◆ **The data**
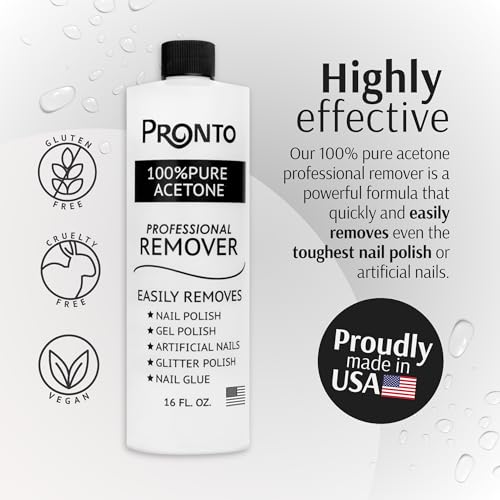 Pronto 100% Pure Acetone Nail Polish Remover - 16 Fl Oz
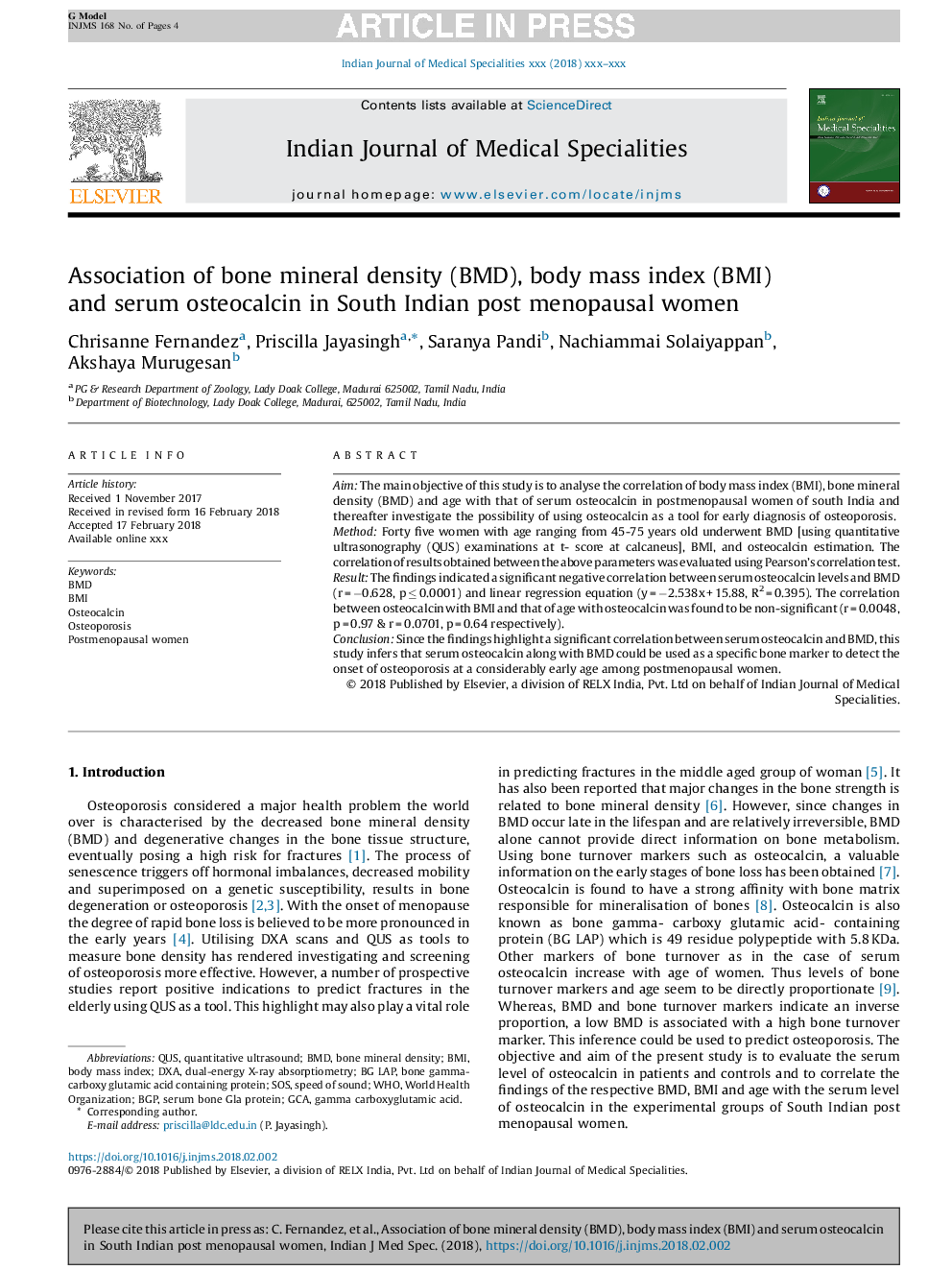 Association of bone mineral density (BMD), body mass index (BMI) and serum osteocalcin in South Indian post menopausal women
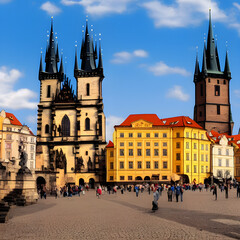 Obraz premium Historical sites Prague Czech Republic photoshop manipulation 
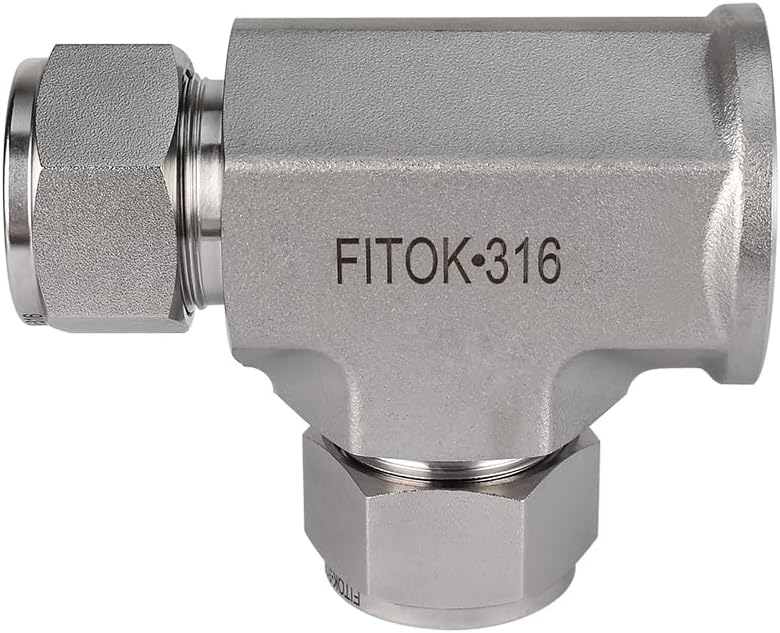 316 Stainless Steel Compression Fitting Female Run Tee 1/4" Tube OD x 1/4" Female NPT x 1/4" Tube OD, SS-TFT-FL4-NS4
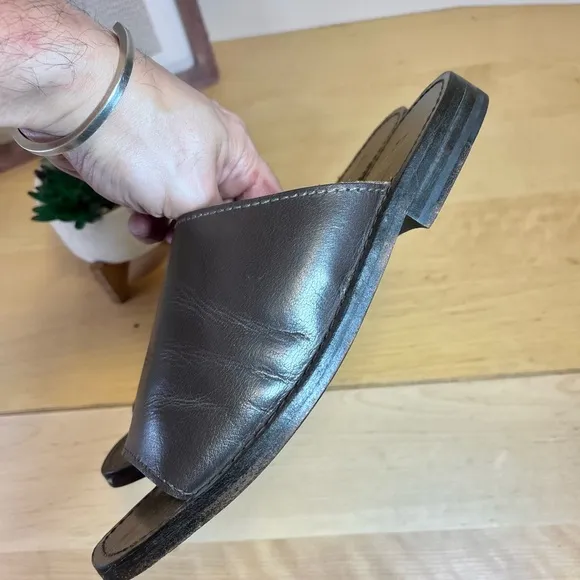 Army Navy | Men's Brown Leather Slide Sandals Size 8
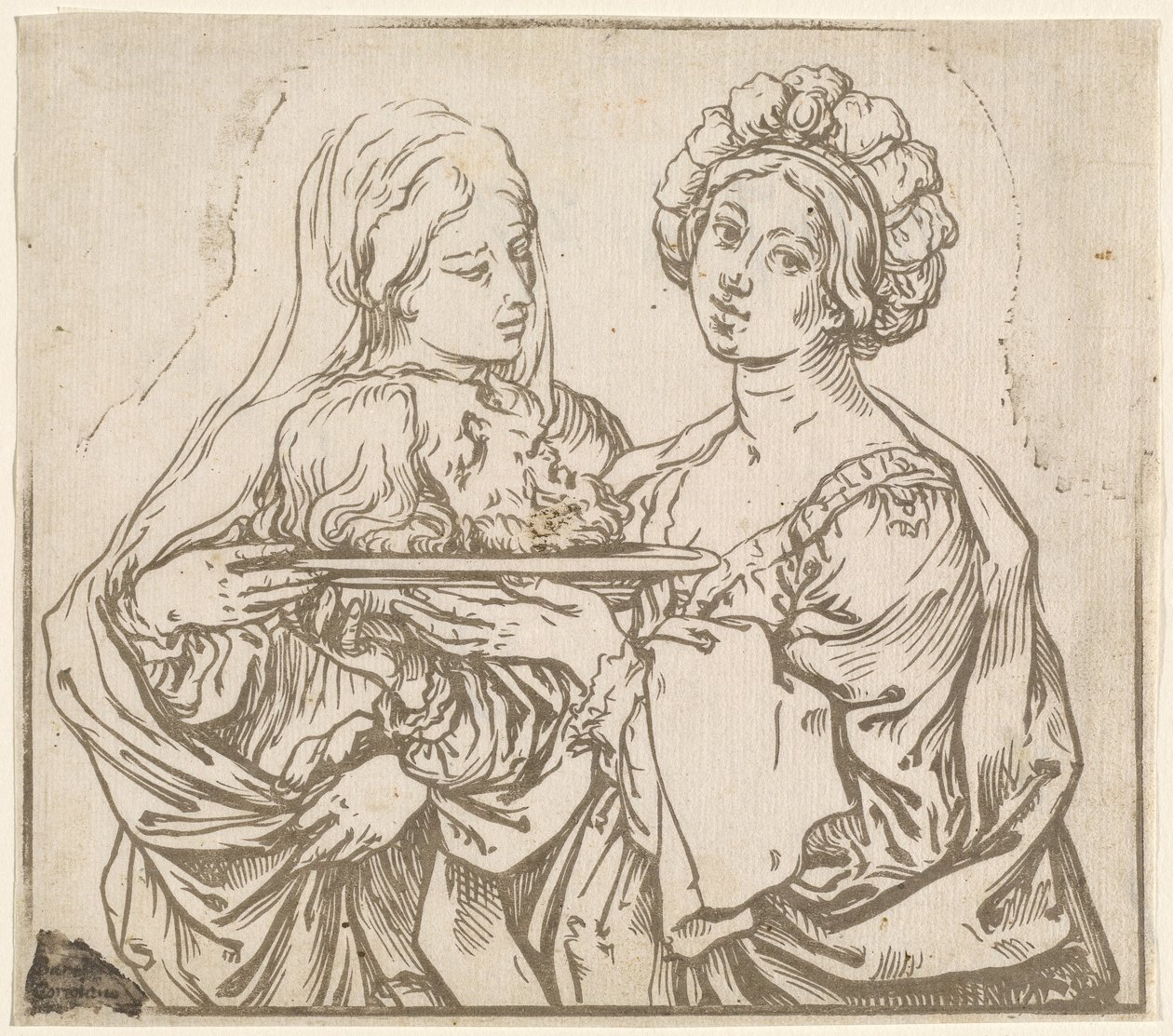 Herodias och Salome av Bartolomeo Coriolano after Guido Reni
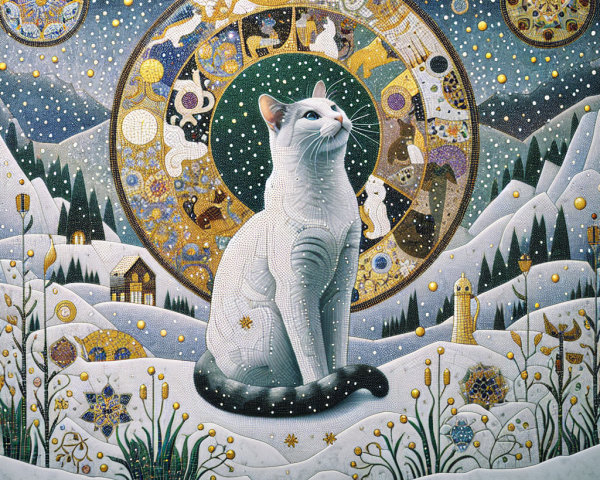 Winter Night Landscape with Cat and Mosaic Wheel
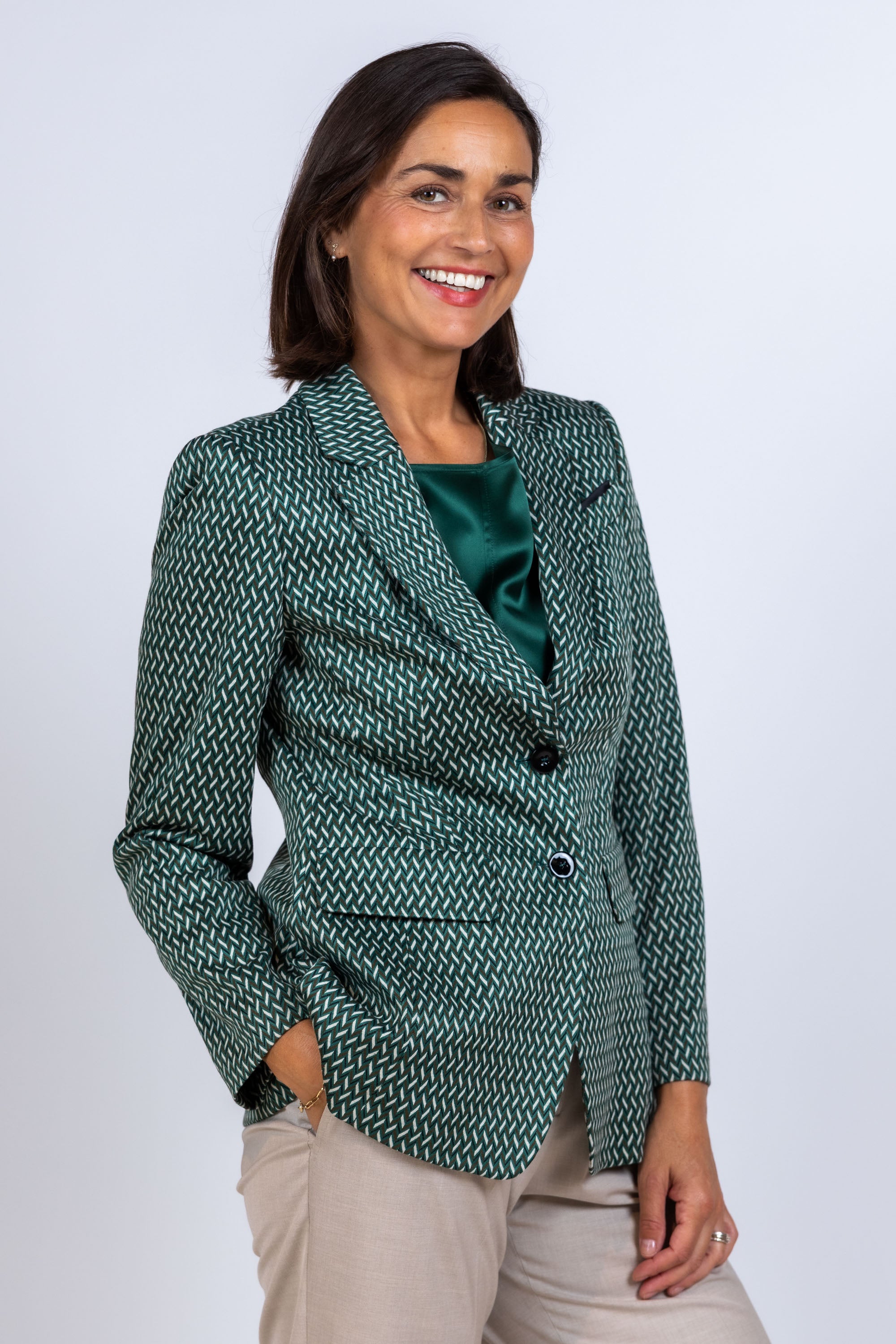 Blazer met knopen - Flessegroen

◆ **Exercise**
Write out word for word every line from the line with "316 Stainless Steel" through the final line of the records, both included, skipping the pictures.

◆ **Solution**
 316 Stainless Steel Compression Fitting Female Run Tee 1/4" Tube OD x 1/4" Female NPT x 1/4" Tube OD, SS-TFT-FL4-NS4
 Army Navy | Men's Brown Leather Slide Sandals Size 8
 Herodias och Salome av Bartolomeo Coriolano after Guido Reni
 Winter Night Landscape with Cat and Mosaic Wheel
 Blazer met knopen - Flessegroen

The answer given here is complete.